Grey divorce – the financial and emotional issues

If we assume the Gateses are typical of silver splitters, later-life divorce is grown-up, amicable, and simple. After all, with children grown, one of the biggest sources of conflict in the divorce settlement is removed. While this may be the image more mature couples wish to project, it’s not entirely true. There may not be custody battles, but don’t underestimate how painful divorce can be for adult children…or for the spouses themselves. However much both might wish to move on to pastures new, their lives are entangled – both financially and emotionally – in a way that younger couples have yet to encounter. When you’ve spent more time in life married than single, the prospect of renewed singledom, while exciting, can be very daunting.

Then there are the assets to divide. Most of us don’t have billions of dollars’ worth of properties and shares to fight over, but considerable resources may have been accumulated over time. House price inflation alone can make the family home, which might have carried a modest price tag years ago, a valuable asset now. Pension splitting becomes much more critical, and more complex, the closer to retirement the couple is. And not only is the process of splitting the pension entitlement messy, there are repercussions. A joint income that will maintain a comfortable standard of living and two holidays a year in one home will seem a lot less generous when supporting two households. Hopefully each spouse has their own pension, but inevitably one partner – usually the husband – earns more than the other, and negotiation is necessary. It’s unlikely the separate lifestyles will be equivalent to the lifestyle that would have been shared had the couple stayed together. 

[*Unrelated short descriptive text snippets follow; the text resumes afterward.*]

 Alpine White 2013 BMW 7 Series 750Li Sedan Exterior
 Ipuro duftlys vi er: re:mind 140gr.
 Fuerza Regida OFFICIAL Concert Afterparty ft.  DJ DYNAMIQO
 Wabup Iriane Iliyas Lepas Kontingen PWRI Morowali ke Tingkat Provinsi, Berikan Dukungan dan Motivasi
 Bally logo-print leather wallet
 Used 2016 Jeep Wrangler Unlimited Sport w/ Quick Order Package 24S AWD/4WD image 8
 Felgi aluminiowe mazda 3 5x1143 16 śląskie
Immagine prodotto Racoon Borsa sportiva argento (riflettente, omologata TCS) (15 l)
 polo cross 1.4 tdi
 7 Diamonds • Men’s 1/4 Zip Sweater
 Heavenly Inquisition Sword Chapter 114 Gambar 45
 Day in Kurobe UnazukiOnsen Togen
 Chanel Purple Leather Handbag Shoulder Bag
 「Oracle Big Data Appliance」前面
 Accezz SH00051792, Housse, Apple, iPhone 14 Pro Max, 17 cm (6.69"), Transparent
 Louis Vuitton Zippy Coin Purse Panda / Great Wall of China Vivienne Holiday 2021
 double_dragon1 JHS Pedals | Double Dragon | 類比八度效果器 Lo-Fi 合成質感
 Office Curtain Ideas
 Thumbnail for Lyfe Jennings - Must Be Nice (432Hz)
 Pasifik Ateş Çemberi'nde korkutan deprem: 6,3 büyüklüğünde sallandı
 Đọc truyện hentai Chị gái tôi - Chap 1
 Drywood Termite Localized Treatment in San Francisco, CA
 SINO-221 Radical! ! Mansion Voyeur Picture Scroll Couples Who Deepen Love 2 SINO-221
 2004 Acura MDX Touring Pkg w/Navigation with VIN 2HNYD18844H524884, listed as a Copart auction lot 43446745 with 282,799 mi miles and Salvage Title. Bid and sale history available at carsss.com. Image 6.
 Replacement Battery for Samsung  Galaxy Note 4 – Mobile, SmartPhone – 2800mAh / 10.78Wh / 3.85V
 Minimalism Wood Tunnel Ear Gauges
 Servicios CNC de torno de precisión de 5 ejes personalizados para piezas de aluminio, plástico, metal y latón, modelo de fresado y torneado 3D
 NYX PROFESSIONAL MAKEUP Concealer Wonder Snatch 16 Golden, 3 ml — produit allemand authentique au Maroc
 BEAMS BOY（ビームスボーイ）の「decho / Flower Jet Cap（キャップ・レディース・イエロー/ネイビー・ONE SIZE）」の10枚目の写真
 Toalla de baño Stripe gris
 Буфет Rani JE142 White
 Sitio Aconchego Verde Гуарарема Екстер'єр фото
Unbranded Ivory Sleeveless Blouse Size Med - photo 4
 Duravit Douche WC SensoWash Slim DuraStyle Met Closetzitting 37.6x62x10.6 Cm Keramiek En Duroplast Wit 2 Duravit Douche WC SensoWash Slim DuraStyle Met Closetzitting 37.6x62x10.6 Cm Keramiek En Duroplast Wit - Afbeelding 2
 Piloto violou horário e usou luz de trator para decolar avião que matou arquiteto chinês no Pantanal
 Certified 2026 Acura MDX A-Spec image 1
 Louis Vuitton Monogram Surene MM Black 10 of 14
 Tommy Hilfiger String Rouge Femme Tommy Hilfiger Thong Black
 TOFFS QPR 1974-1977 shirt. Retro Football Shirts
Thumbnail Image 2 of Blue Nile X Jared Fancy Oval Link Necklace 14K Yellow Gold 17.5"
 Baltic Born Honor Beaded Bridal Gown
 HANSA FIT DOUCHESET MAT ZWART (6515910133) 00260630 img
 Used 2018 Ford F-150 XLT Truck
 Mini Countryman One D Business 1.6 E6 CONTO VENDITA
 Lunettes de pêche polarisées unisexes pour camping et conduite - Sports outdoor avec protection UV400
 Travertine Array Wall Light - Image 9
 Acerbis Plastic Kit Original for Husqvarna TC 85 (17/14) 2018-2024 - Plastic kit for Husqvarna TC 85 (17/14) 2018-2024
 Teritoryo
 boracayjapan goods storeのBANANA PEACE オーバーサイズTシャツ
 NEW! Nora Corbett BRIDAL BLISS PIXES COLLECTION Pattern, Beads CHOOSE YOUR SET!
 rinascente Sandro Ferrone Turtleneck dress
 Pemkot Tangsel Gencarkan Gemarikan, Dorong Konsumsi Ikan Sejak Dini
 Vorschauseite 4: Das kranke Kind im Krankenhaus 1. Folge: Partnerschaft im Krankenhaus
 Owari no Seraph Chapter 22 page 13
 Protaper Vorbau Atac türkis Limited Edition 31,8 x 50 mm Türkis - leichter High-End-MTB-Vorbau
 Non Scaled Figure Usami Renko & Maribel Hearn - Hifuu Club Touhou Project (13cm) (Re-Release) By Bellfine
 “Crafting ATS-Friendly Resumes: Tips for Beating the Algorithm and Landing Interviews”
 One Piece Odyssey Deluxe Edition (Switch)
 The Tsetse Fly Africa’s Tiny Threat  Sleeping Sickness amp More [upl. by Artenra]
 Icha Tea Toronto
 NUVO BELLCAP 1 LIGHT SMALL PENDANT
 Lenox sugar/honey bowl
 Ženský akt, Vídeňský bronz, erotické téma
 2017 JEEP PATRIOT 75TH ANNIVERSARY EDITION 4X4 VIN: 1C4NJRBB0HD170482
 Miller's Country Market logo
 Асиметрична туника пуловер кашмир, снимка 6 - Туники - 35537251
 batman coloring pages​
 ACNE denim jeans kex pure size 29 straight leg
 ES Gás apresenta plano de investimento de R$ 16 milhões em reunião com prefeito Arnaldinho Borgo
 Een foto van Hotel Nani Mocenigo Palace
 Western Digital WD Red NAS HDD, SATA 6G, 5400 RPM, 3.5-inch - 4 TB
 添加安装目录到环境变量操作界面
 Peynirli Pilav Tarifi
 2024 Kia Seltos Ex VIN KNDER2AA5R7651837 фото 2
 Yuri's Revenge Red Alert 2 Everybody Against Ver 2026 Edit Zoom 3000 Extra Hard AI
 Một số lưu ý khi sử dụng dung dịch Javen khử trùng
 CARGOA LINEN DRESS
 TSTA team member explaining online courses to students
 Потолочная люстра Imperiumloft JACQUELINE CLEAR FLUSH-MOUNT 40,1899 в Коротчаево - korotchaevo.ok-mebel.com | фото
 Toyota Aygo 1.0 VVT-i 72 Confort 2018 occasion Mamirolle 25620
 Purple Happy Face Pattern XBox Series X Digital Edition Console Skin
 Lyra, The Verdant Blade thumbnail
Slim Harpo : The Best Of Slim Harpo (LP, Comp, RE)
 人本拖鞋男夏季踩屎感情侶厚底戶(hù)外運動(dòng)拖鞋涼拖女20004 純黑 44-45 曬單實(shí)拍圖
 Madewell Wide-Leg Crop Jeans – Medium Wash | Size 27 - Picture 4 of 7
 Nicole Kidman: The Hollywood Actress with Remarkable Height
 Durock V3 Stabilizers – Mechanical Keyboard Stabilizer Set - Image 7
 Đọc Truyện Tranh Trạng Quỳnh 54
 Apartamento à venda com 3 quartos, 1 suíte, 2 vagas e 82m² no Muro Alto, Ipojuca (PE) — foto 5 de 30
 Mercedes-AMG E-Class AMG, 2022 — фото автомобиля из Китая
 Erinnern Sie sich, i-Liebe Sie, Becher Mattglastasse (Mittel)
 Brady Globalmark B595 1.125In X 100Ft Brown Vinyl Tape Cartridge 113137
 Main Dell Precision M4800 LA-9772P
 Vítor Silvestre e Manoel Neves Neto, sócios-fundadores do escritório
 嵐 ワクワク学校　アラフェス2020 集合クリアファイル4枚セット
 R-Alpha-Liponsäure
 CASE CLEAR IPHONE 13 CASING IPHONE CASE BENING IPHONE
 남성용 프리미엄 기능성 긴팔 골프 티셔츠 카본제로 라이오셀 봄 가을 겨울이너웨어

Most couples will consider all these factors before making the decision to divorce. Silver splitting is not an easy option and couples should, as the Gateses appear to have done, weigh up their options carefully. Is the ability to move on worth the reduced standard of living and sacrifices involved? This is something only those involved can answer, but relationship counselling can help.

The importance of the matrimonial regime and ANC

Bill and Melinda Gates did not have an antenuptial contract in place. Unlike South Africa, where couples can choose their matrimonial regime, each state in the USA has its own legislation. The state of Washington is a community property state. All property and all debt accumulated during the course of marriage, including income, is classed as “community property” belonging to both spouses. However, property acquired prior to the marriage, property acquired by gift, and some personal injury settlements are considered the separate property of the spouse who acquired it. Although the name resembles our marriage in community of property, this is probably closer to our “out of community of property with accrual”. Bill Gates is nine years older than Melinda, and was already a rich man by the time they married, so some of his assets may be off-limits in the divorce settlement. But all indications are that this will not be an acrimonious divorce. Although the couple does not have an antenuptial contract, they have a separation agreement, which is a document written by the pair outlining how they wish their assets and responsibilities divided. This suggests there was a lot of work done behind the scenes before the divorce was announced.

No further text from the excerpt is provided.